Source material>
····················

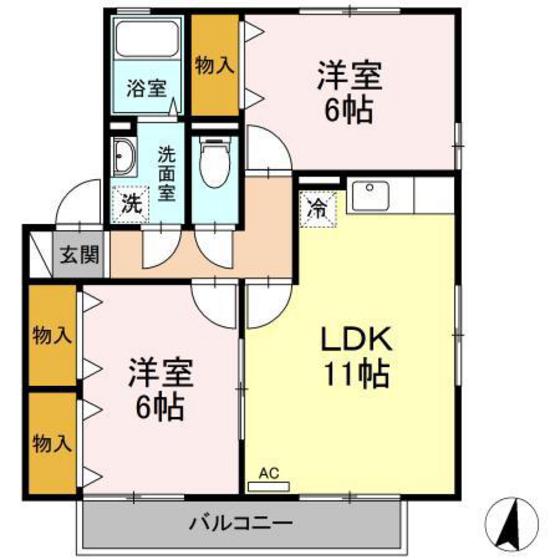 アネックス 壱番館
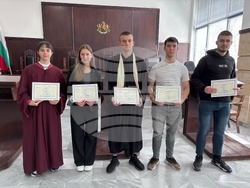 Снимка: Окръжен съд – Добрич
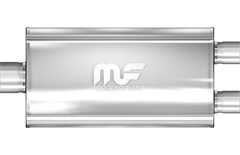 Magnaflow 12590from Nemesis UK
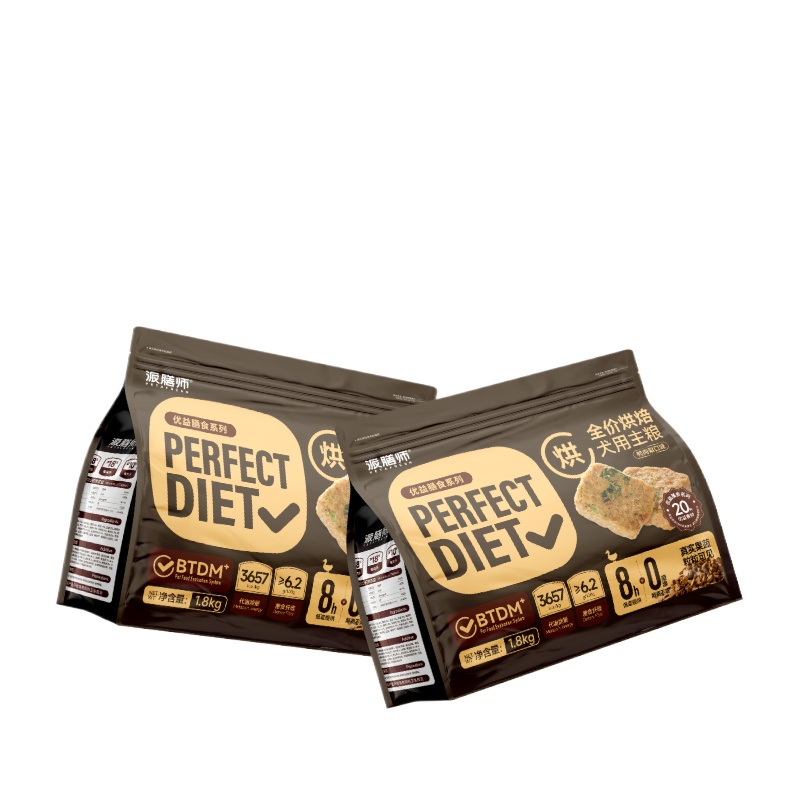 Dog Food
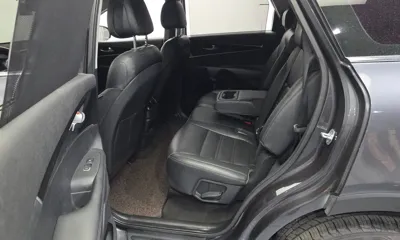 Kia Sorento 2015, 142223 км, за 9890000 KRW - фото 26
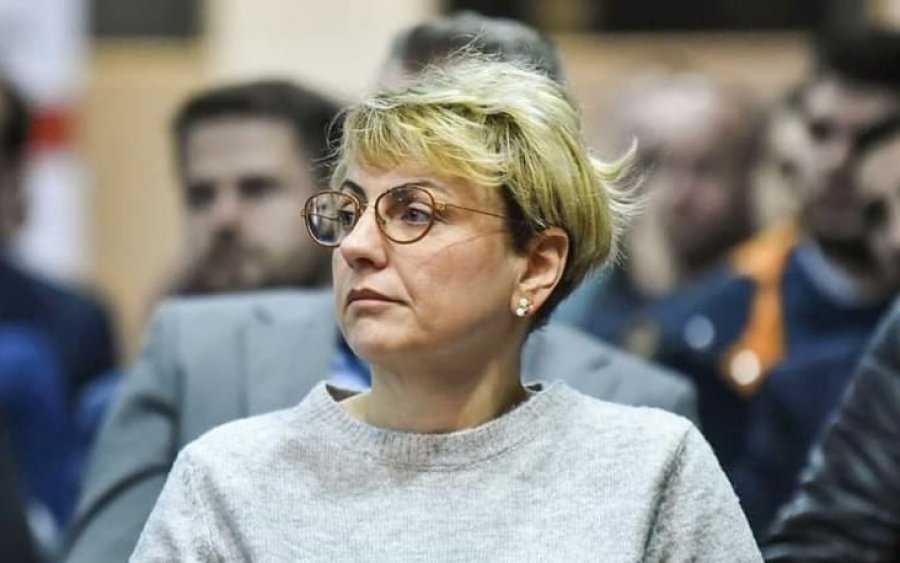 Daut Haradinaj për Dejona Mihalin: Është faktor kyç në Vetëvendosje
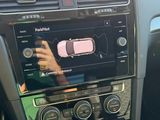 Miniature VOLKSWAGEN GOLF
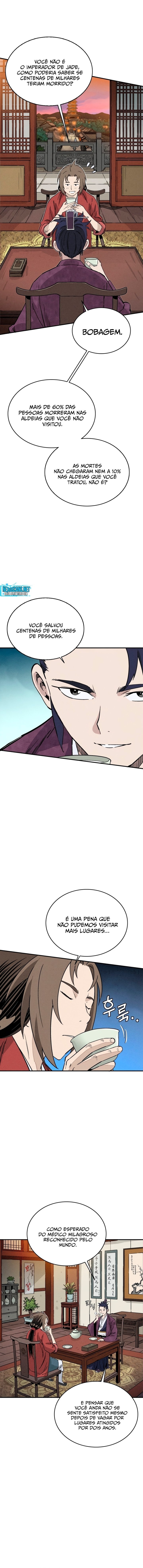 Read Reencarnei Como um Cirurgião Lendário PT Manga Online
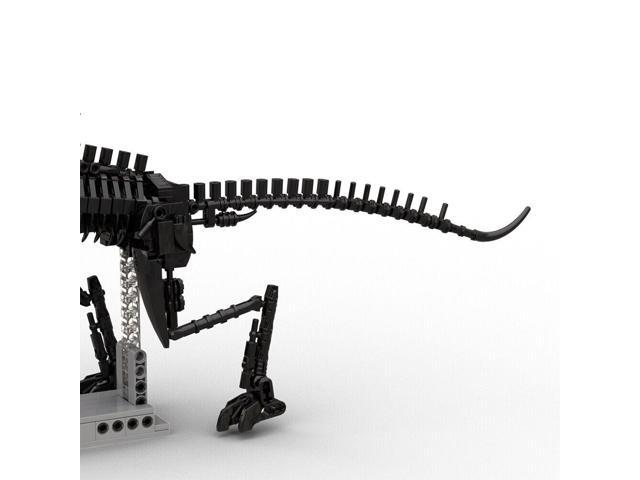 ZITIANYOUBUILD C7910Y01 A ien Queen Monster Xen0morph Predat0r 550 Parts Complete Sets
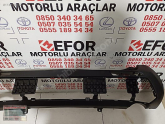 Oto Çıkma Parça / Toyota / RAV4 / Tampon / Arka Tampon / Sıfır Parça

····················

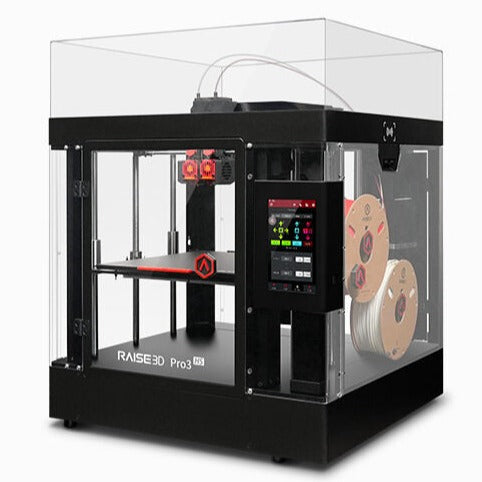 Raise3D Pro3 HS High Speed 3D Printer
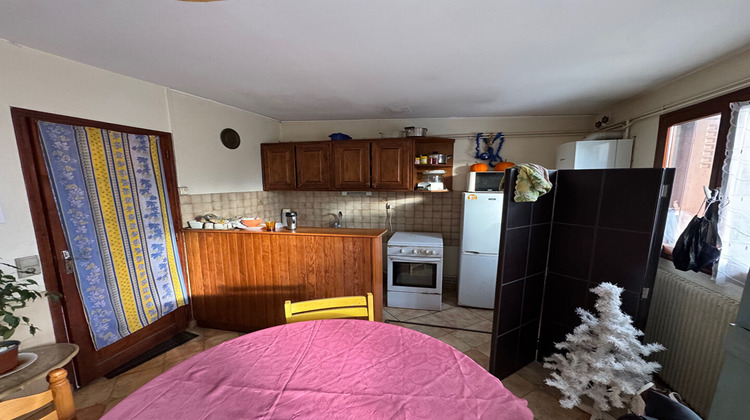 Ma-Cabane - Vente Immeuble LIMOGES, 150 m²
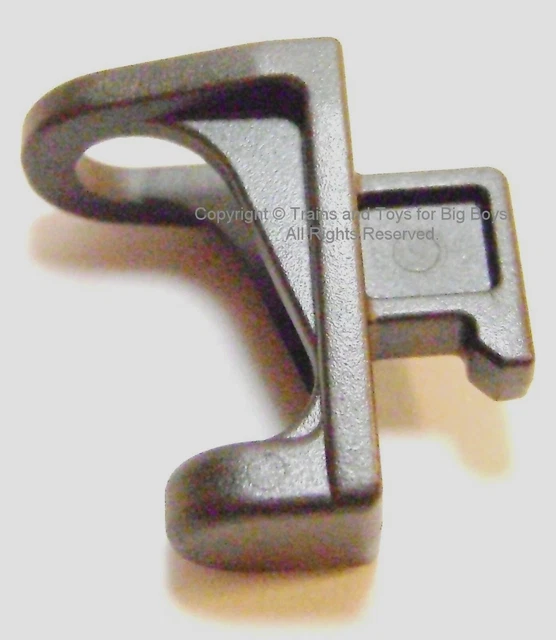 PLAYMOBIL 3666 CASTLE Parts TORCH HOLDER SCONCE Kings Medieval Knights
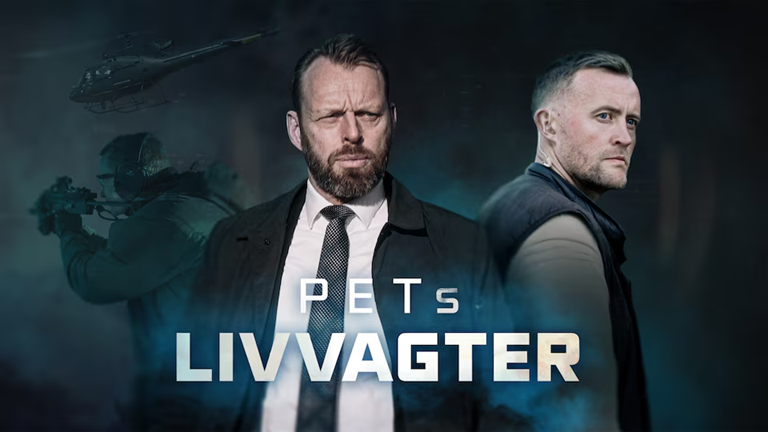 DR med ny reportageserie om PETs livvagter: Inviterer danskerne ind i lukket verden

····················

What the task requires>
Look above for the line with "Magnaflow 12590from Nemesis UK" and the line with "Oto Çıkma Parça"; set down those two lines and all lines between them exactly, without pictures and without anything else.

Solution for this task>
 Magnaflow 12590from Nemesis UK
 Dog Food
 Kia Sorento 2015, 142223 км, за 9890000 KRW - фото 26
 Daut Haradinaj për Dejona Mihalin: Është faktor kyç në Vetëvendosje
 Miniature VOLKSWAGEN GOLF
 Read Reencarnei Como um Cirurgião Lendário PT Manga Online
 ZITIANYOUBUILD C7910Y01 A ien Queen Monster Xen0morph Predat0r 550 Parts Complete Sets
 Oto Çıkma Parça / Toyota / RAV4 / Tampon / Arka Tampon / Sıfır Parça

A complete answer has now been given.